Reply Mon 15 Jul, 2013 02:00 am

Because "newborn" has spoken out the meaning of "are born."
What do you say?

Context:

RFI: Seven Newborn Opposition Forces Are Born In China

The path to be taken for Xi Jinping and Li Keqiang has
become a focus of pubic attention in China and overseas.
Reportedly, China's media professionals think that
the Chinese Communist Party(CCP) leadership seems
to be taking a road to National Socialism,
as Nazi Germany did, under Adolf Hitler.
In the past 10 years, the CCP's violent suppression
has given rise to seven newborn domestic opposition forces.
China, in reality, has gotten bogged down in heavy crises.

Li Weidong, ex-president of China Reform magazine,
recently tells Radio France Internationale (RFI) that
the political system is the root cause of China's problems.

Li points out that the CCP hasn't really
launched its promised reform.
Instead, it gets used to using violence
to achieve "stability".
However, the approach has made Chinese society
a pressure cooker of resentment.
This has engendered seven new opposition forces
in the last 10 years, this is serious trouble, says Li.

The category covers the following seven opposition forces:
1. several tens of millions of landless peasants;
2. demobilized soldiers; 3. religious dissidents;
4. resistance forces in frontier minority areas;
5. large numbers of petitioners, provoked by forced
demolitions, judicial injustice, and laid-off workers;
6. underemployed college graduates;
7. intelligentsia.

Scholar of Chinese history, Li Yuanhua: "The CCP's
tyrannical persecution has victimized the masses.
The public has now come to awaken, with a growing
disobedience, and a will to resist this tyranny."

Shenzhen-based columnist, Zhu Jianguo, comments.
Since 1999, the CCP has increased media control.
This is a contributing factor that has given rise to
new opposition forces, he says.

Zhu Jianguo:"It is now important to lift the ban on media
and the internet, and to allow freedom of expression.
But on the contrary, they now want to
control micro-blogging even more tightly.
All of these actions are only going to
speed up the demise of the regime."

RFI comments that, after Xi Jinping took over as President,

the paths of development in political and
economic areas have been taken differently.
Premier Li Keqiang has vigorously promoted
liberal market reforms.
Whilst politically, Xi has indulged in "Chinese Dream"talk,

The"If the Shoe Fits"speech,
and the "Three Self-confidences"theory.
His advocacies have shown the character of
statism and nationalism.
This means that a "Xi-Li System"
has not yet been formed.
It also illustrates clearly that Xi's reform
idea doesn't contain universal values.
The goal of his political reform is only to "reinforce
the Party's leadership", according the RFI report.

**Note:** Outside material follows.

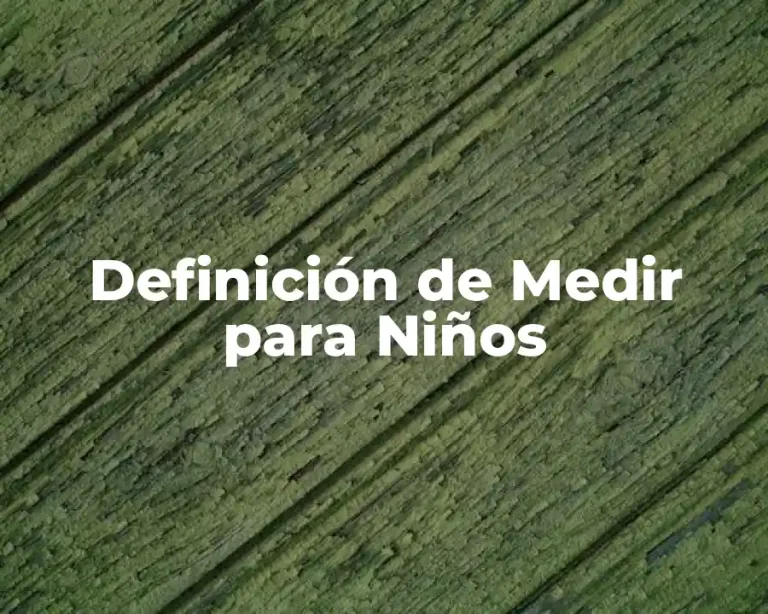 Definición de Medir para Niños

Zhang Jian, researcher on China issues, says that the
regime has kept on varying the so-called "political reform".
If the CCP's dictatorship is premised, its "political reform"
will never be feasible, he remarks.

Zhang Jian: "It won't work no matter how Xi
puts forth his arguments.
The political movements launched by the CCP for
decades in China can all be called political reforms.
One of them, the Cultural Revolution,
was just another form of political reform."

Li Yuanhua agrees that Xi Jinping's only way out is to
disintegrate the CCP, and to thus follow history's trends.

Li Yuanhua: "It's futile to make an effort to keep CCP rule.

So it will be fruitless to battle with privileged groups
for political power or for political trade-offs."

RFI also reports that Xi Jinping hopes that CCP rule
shall continue and even stabilize in the next 10 years.
RFI calls it "a path of the red empire",
featuring statism, with nationalism.
This is the same road of National Socialism,
adopted by Nazi Germany in the 1930s.
Li Weidong warns that history shows us that
it is a dead-end path.
Doing nothing about political reform will
worsen China's economic crisis, he says,
and China may well face
progressively tougher times ahead.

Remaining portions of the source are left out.